START Records shown

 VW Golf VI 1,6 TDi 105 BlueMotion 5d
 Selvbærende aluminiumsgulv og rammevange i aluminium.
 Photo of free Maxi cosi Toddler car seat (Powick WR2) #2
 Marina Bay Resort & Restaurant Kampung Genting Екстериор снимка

END Records shown
START Records shown

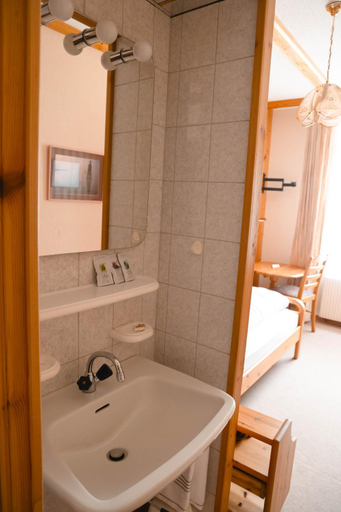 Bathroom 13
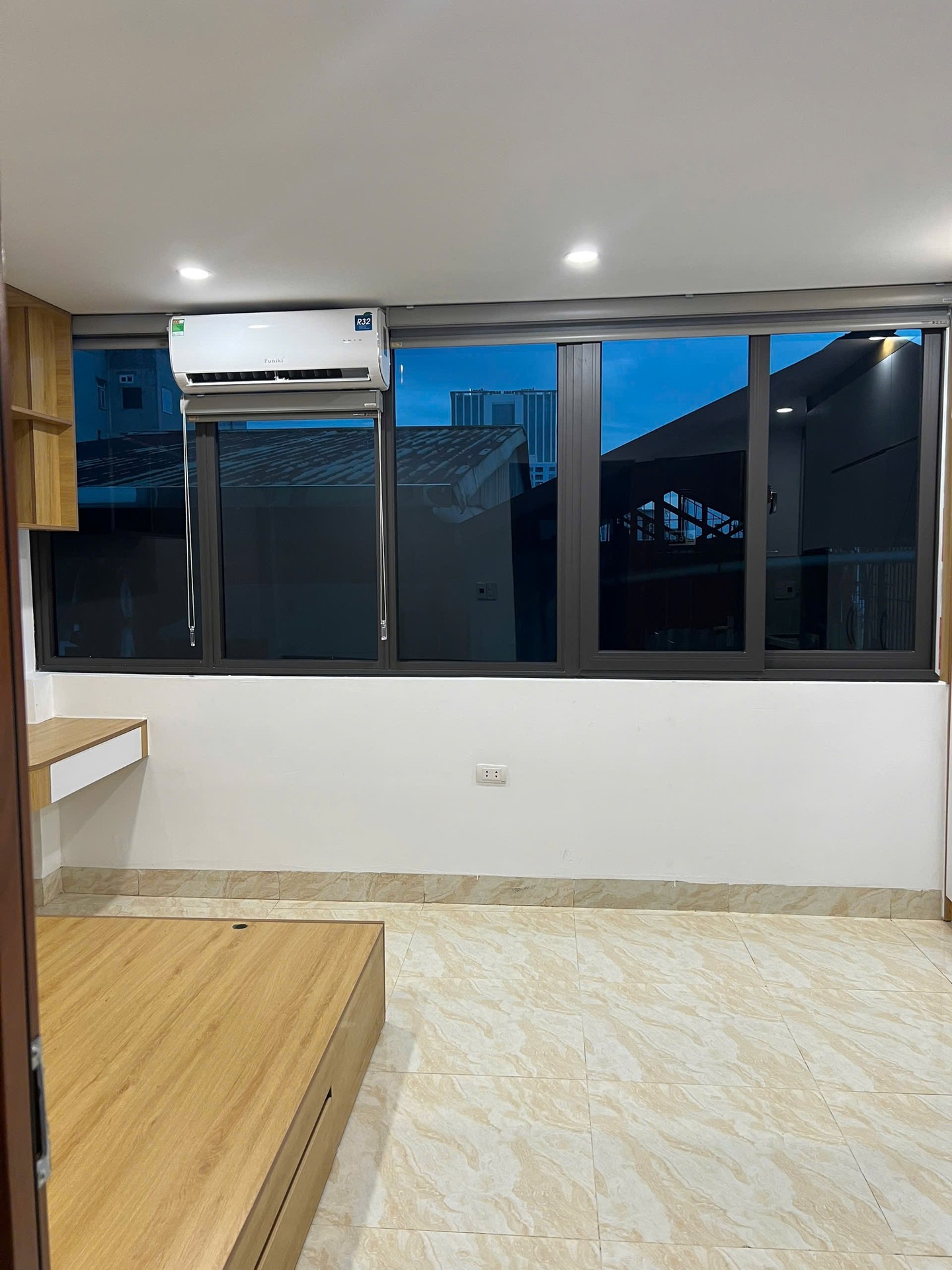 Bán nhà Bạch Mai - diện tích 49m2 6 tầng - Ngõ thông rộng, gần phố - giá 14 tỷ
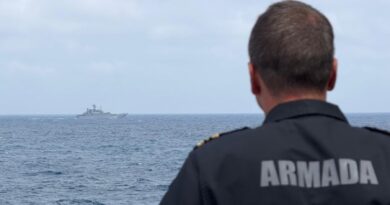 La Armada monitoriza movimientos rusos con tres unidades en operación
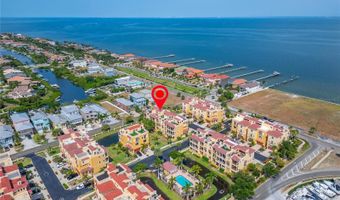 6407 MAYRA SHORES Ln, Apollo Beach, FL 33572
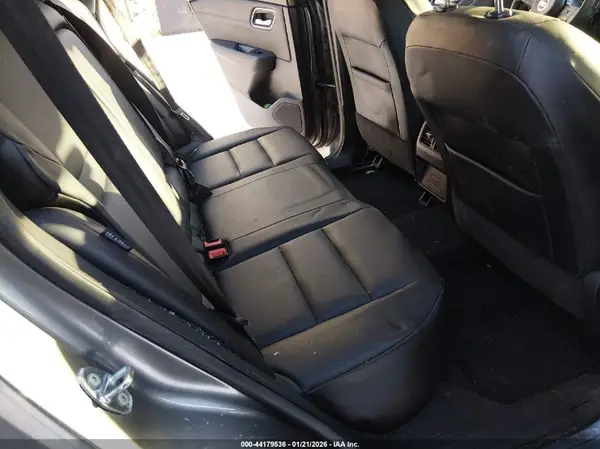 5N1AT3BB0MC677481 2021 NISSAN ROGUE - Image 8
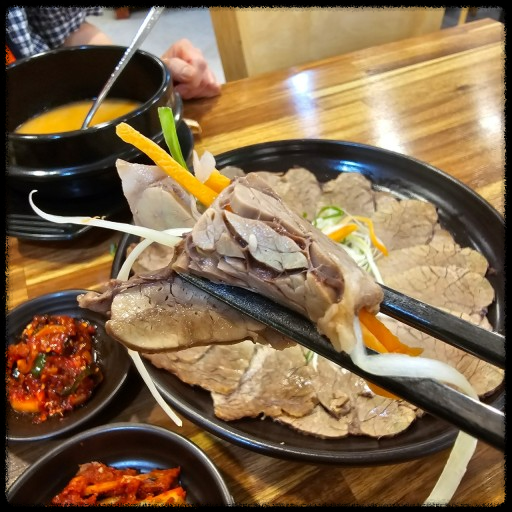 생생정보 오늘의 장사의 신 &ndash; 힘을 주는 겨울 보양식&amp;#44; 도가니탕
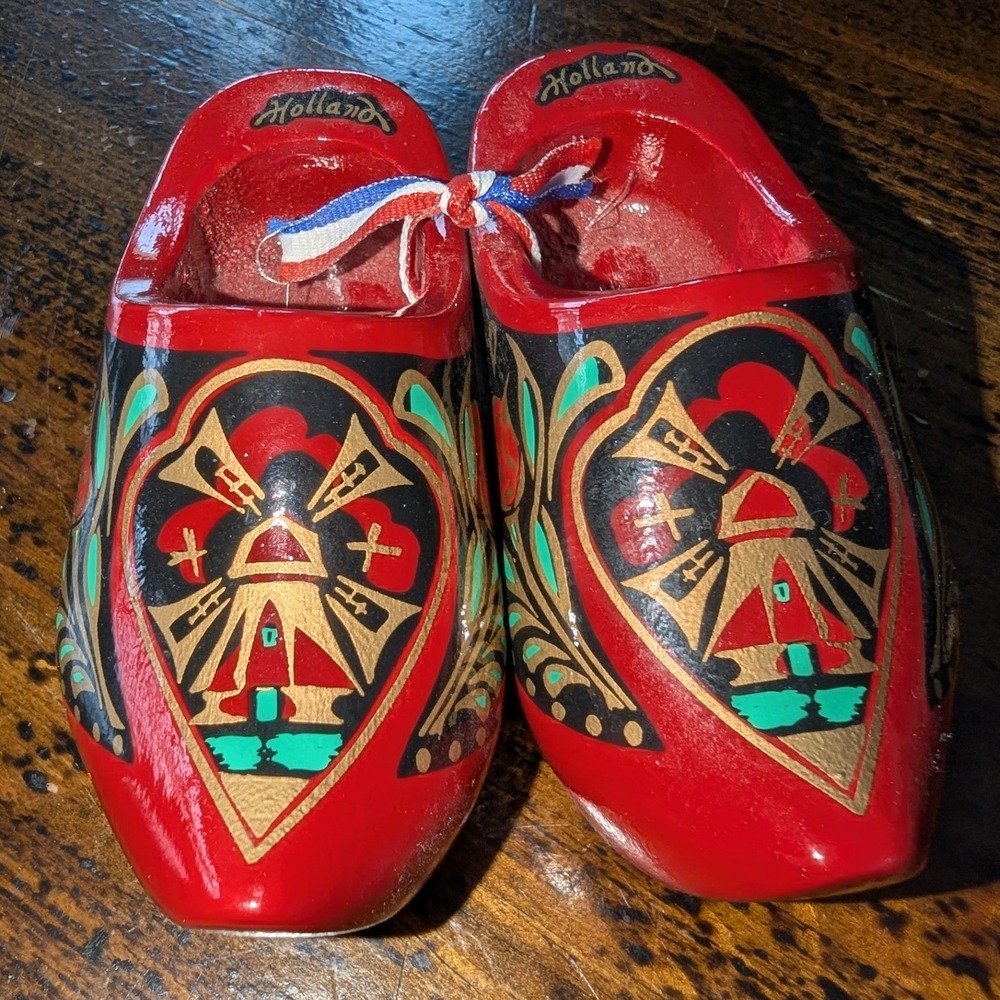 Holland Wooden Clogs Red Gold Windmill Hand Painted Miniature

END Records shown
START Records shown

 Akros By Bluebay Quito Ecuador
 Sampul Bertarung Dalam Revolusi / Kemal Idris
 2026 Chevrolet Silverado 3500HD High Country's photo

END Records shown

Extract from the records above the lines from the one containing "Selvbærende aluminiumsgulv og" to the one containing "Marina Bay Resort", both lines included, exactly as they appear and with nothing else.

 Selvbærende aluminiumsgulv og rammevange i aluminium.
 Photo of free Maxi cosi Toddler car seat (Powick WR2) #2
 Marina Bay Resort & Restaurant Kampung Genting Екстериор снимка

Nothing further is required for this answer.